I am interested in running high availability clusters at home. Clusters have some advantages over home servers that I think are under-appreciated:
- They allow for hardware replacement/maintenance on a human-centric schedule of “I’ll get to it next weekend”. People with families or otherwise busy lives could manage server chores the same way they manage minor household repairs, and the services they use keep humming in the background.
- They could allow for easier storage expansion. Imagine if buying your second Synology or QNAP NAS only added capacity, and didn’t add any management overhead beyond the first NAS.
My dad is a photographer, and he’s spent lots of time and money managing storage solutions for his business. Expansion especially is a huge expense, because the best way to expand is to buy a new NAS or DAS and fill it with the biggest drives you can afford all at once. For a hobbyist, upgrading drives one at a time might be feasible, but for a business that’s too time consuming and fragile for critical storage.
Some technical notes about this idea:
- Nodes should be stateless; all state should come from the cluster manager. This should also improve the user experience for backups and restores.
- I’m not sure any of the software is there yet for home users, but it could get there. The features in something like Ceph for storage and Kubernetes for running apps are nice, but maintenance, reliability, and error UX are bad even when compared to business SaaS, not nearly good enough today for home users. This is solvable.

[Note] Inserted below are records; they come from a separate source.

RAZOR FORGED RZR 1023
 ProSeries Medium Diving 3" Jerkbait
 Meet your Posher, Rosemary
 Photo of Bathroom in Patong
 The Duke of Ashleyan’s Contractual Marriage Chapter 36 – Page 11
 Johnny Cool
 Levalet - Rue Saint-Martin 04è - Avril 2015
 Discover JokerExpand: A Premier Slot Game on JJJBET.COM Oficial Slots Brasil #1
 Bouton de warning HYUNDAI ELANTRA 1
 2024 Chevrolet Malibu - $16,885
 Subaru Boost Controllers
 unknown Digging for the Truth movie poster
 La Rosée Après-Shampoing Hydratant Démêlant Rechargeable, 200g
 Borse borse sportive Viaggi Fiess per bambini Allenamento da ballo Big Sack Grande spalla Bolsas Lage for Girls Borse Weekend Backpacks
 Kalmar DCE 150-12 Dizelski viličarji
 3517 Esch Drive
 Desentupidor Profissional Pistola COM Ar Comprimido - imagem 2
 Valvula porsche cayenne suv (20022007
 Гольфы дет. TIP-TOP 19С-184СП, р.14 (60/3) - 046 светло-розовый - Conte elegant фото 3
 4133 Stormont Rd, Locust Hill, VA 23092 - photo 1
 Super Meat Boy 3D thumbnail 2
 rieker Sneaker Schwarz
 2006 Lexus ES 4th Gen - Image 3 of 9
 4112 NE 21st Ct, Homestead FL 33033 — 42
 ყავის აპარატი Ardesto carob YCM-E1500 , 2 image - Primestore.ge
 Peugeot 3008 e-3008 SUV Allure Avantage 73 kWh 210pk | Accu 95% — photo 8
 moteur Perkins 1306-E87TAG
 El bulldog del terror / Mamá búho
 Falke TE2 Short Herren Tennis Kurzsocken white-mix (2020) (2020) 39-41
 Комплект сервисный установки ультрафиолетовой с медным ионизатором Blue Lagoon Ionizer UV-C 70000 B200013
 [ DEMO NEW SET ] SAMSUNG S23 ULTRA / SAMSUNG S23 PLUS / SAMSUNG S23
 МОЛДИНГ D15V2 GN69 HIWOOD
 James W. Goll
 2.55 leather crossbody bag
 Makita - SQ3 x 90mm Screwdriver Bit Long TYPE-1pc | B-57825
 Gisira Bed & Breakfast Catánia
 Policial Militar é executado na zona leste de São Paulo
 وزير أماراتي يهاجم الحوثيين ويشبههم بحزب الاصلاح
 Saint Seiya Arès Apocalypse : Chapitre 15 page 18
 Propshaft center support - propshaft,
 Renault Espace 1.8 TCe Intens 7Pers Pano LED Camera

- I think a home cluster could improve both expansion and performance, but performance would likely require home intranet upgrades (10Gb Ethernet). Systems like LizardFS, which cluster server storage into a single unified filesystem for performance, have proved this idea can work in the enterprise, at least.
I have worked on two projects trying to explore this idea.
used single board computers and Docker Swarm.
I got stuck trying to solder together the overly complicated power system I was trying to use
and haven’t picked it up in a while now.
It’s still on the project back burner… somewhere…
but for now my biggest plan for it is decoration on the wall of my new office.
Its key ideas:
- Single board computers are low power
- A dedicated serial server would connect to all systems over RS232 – no KVM required for a console
- A dedicated network with a router to separate from the main home network
- Only normal gigabit ethernet
- I want to build an OS that would boot locally into a specialized Linux kernel build, read configuration and pull a real kernel and filesystem image over the network, and then kexec into the real kernel and rootfs. However, at the time, I couldn’t get kexec to work.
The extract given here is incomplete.